A yawning gender gap in all three states is working in Mr. Biden’s favor, with the former vice president making inroads into conservative territory with strong support from women. In Iowa, where Mr. Biden is ahead of Mr. Trump, 45 percent to 42 percent, he is up among women by 14 percentage points. Men favor Mr. Trump by eight points.
In Georgia, where the two candidates are tied at 45 percent, Mr. Biden leads among women by 10 points. Mr. Trump is ahead with men by a similar margin of 11 percentage points.
Mr. Trump’s large advantage among men in Texas is enough to give him a small advantage there, 46 percent to 43 percent. Men prefer the president to his Democratic challenger by 16 points, while women favor Mr.
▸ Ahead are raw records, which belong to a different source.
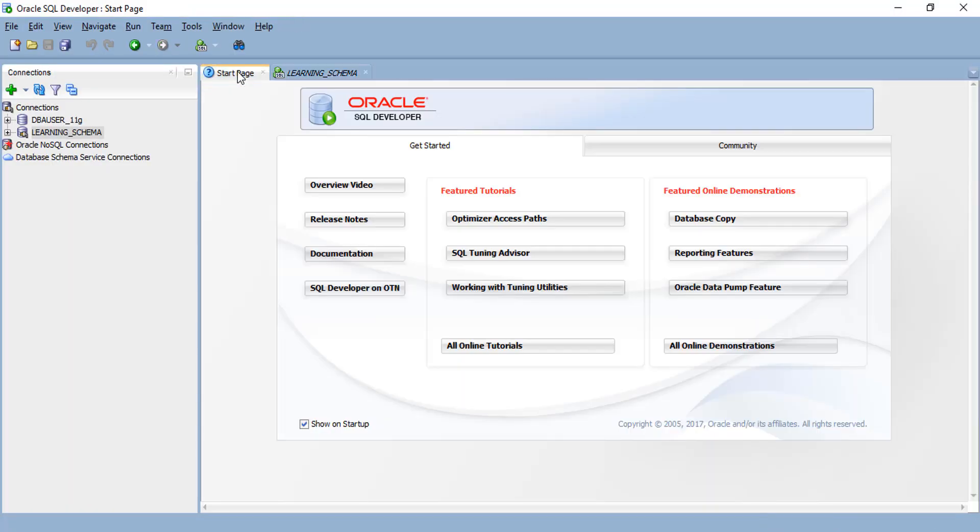Hello friends, welcome to the new session of Oracle SQL Developer Tips and Tricks Tutorials for Beginners. In this session, we are going to see how we can change the Oracle SQL Developer font size and font type.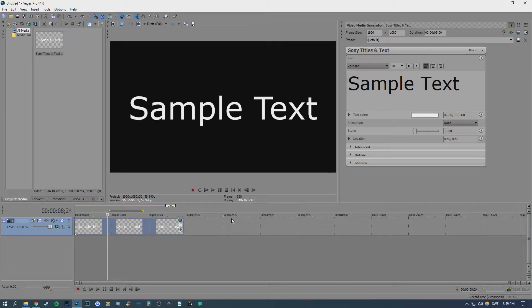What's going guys, Philip here and today I'm going to show you how to delete empty spaces between your clips in Sony Vegas.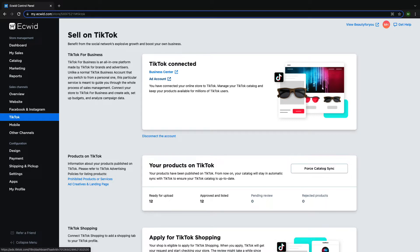Certain TikTok ads, such as TikTok collection ads, will make use of the synced product catalog, so we want to make sure that our products are syncing correctly.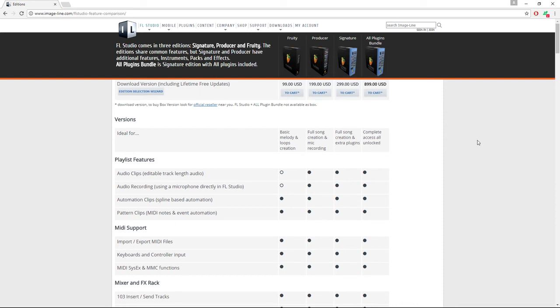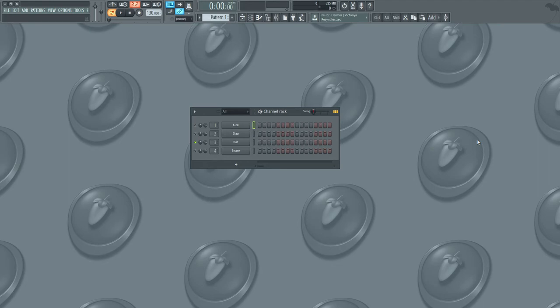Once you've downloaded the free version or purchased, then open up FL Studio and we can begin.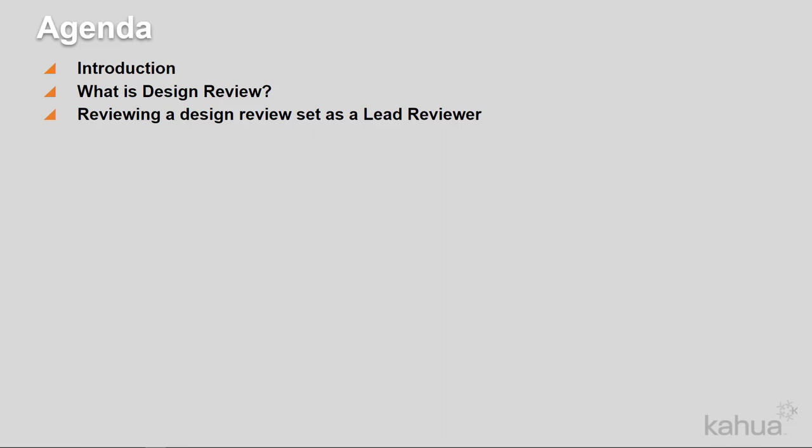As a lead reviewer, you will receive an email notification to review the design review set once the SME or preliminary review is complete. If for any reason a listed SME reviewer does not need to provide a review, the GSA PM or review coordinator can click End Preliminary Review in the design review app to workflow the design review set to the lead reviewer. Let's log into Kahua so we can learn more about reviewing a design review set as a lead reviewer.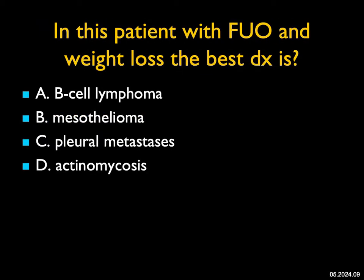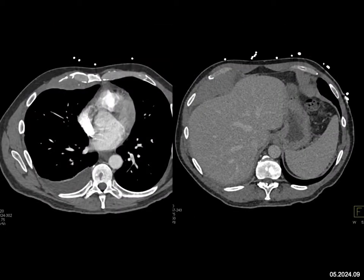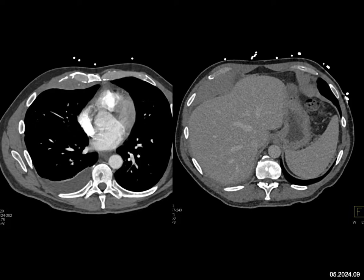In this patient with FUO and weight loss: on the first axial image, you see soft tissue infiltration of the pleura, possibly extending through to the chest wall anteriorly, along with a pleural effusion. On the lower scans, there's infiltration of the pleura again at the level of the diaphragm and liver. Mesothelioma is a consideration — it can be multifocal — but it's usually associated with asbestos exposure and I don't see any calcified plaques.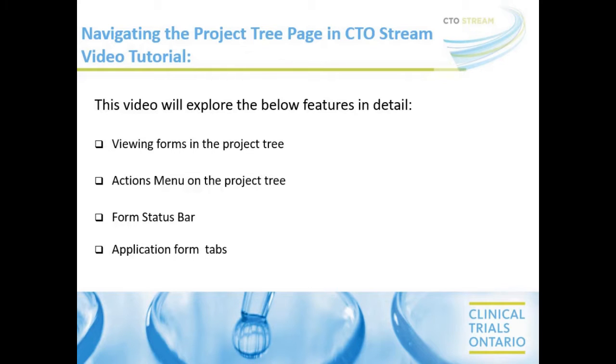Hello, my name is Jackie Hutton from Clinical Trials Ontario. This video will demonstrate how to navigate the Project Tree page of an application in CTO Stream.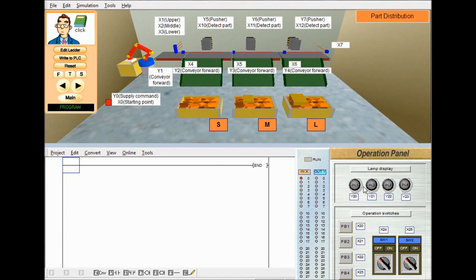Let us make a study with Mr. Bushi PLC. This is our controlling platform. There is a robot arm, 4 conveyors, 3 pushers and 3 boxes.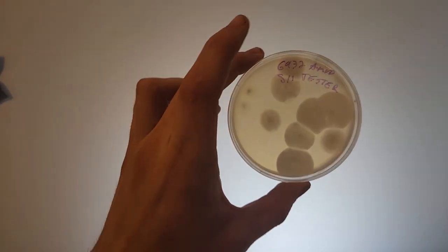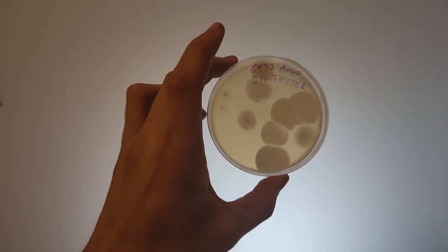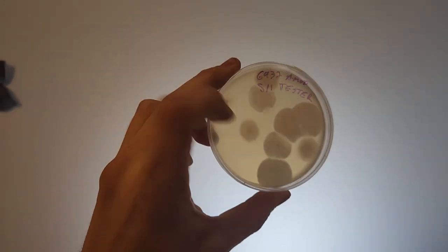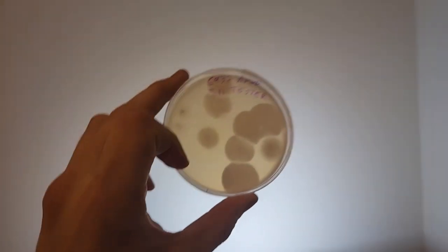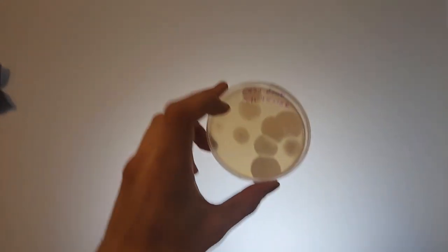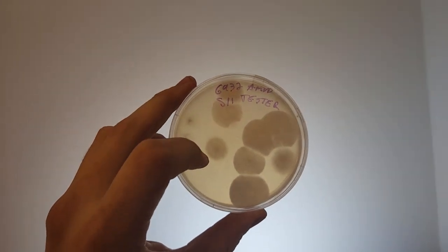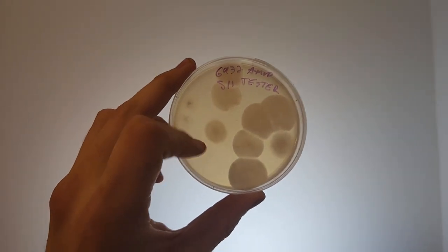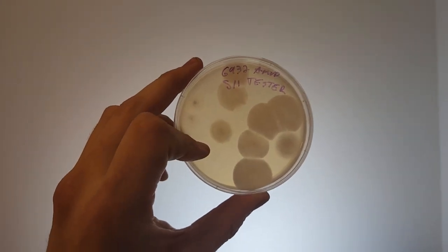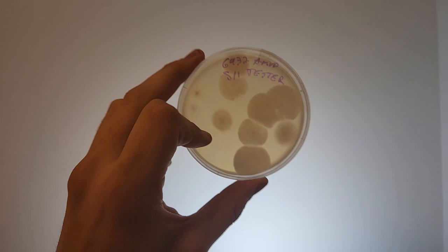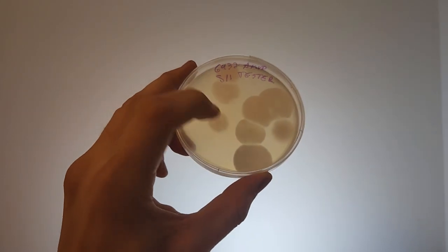If you don't know what a monocaryon is, when you're breeding mushrooms you want to select single spore germinations. They will have hyphae that only contain one nuclei and that's called a monocaryon.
Biden by an eight-point margin.
Meaghan Winter and Gaby Goldstein write for the Guardian that Democrats must continue to prioritize state-level electoral races.
For decades, Democrats prioritized federal elections over state-level races, and left-leaning interest groups often fought through the courts, not local elections. Ginsburg, after all, won her icon status after becoming an attorney and crusading to establish human rights in court. That tactic worked well for many progressive causes. In the 1970s, litigation against corporations worked so well, in fact, that libertarian billionaires responded by building an entire political apparatus designed to stack the courts with ideological judges opposed to environmental and labor protections. Meanwhile, conservative interest groups began cultivating anti-abortion and anti-gay rights judges and political connections. The Republican party’s transformation of the judiciary under Trump is the culmination of those decades-long efforts.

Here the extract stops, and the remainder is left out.